Le porte-parole du secrétaire général des Nations unies a déclaré à l'AFP que l'ONU avait "appris avec regret" la décision de la junte, estimant qu'elle ne s'appuyait sur aucune base légale. "Le système des Nations unies, mené par la coordonnatrice résidente, s'est consacré à travailler avec les autorités pour soutenir les efforts de développement et fournir une indispensable aide humanitaire", a souligné Stéphane Dujarric, ajoutant que "la doctrine de la persona non grata ne s'applique pas aux officiels des Nations unies".
"Seul le Secrétaire général (...) a l'autorité pour décider, après une enquête minutieuse, du retrait d'un officiel des Nations unies", a-t-il ajouté. Le rapport fait état de "2.483 violations graves" commises contre "2.255 enfants" entre juillet 2022 et juin 2024, dont "501 violations graves (20%)" attribuées aux "Forces de défense et de sécurité" burkinabè et à leurs supplétifs civils.
"Dans un style narratif citant indistinctement les terroristes et les institutions de défense et de sécurité du Burkina Faso, ce rapport qui ressemble à une compilation d'affirmations sans fondements et de contre-vérités ne comporte en annexe, ni copies de rapports d'enquêtes, ni arrêts de justice pour étayer les cas prétendus de violations contre des enfants attribués aux vaillants combattants burkinabè", a regretté Ouagadougou.

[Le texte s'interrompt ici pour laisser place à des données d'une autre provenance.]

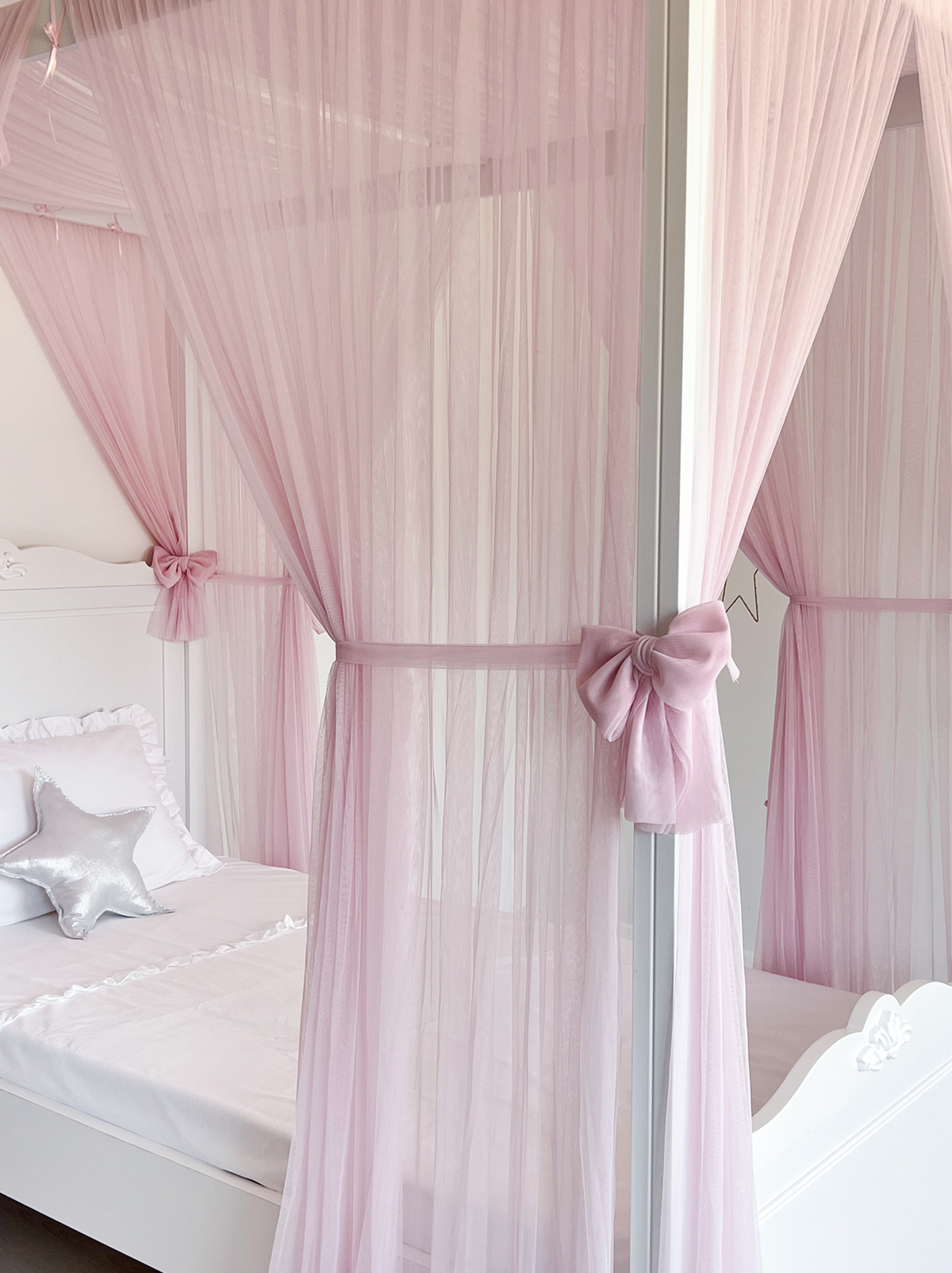 Poster Bed Deluxe-Baby Lilac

"Le Gouvernement du Burkina Faso (...) réitère sa totale disponibilité à coopérer avec l'Organisation des Nations unies, à travers des représentants et des équipes pays résolument engagés dans un accompagnement vrai et sincère", a-t-il ajouté. Originaire de Maurice, Mme Carol Flore-Smereczniak avait été nommée en juillet 2024.
Des supplétifs civils pointés du doigt
En mars, elle avait été convoquée par le ministre burkinabè des Affaires étrangères, qui avait condamné auprès d'elle l'usage par des agences de l'ONU des expressions "groupes armés non étatiques" et "milices" pour désigner respectivement les "terroristes" et les supplétifs civils engagés aux côtés de l'armée dans la lutte antijihadiste.
"Le Gouvernement s'étonne de la persistance de certaines agences du système des Nations Unies au Burkina Faso dans l'utilisation avec légèreté et à dessein des terminologies équivoques cachant une volonté manifeste de légitimation ou de requalification de la barbarie dont le peuple burkinabè est victime depuis une décennie", a-t-il dit lundi dans le communiqué.
En 2024, le Burkina Faso est le pays qui a enregistré le plus de morts dus au "terrorisme" pour la deuxième année consécutive avec 1.532 victimes, sur un total mondial de 7.555, rapporte l'Indice mondial du terrorisme.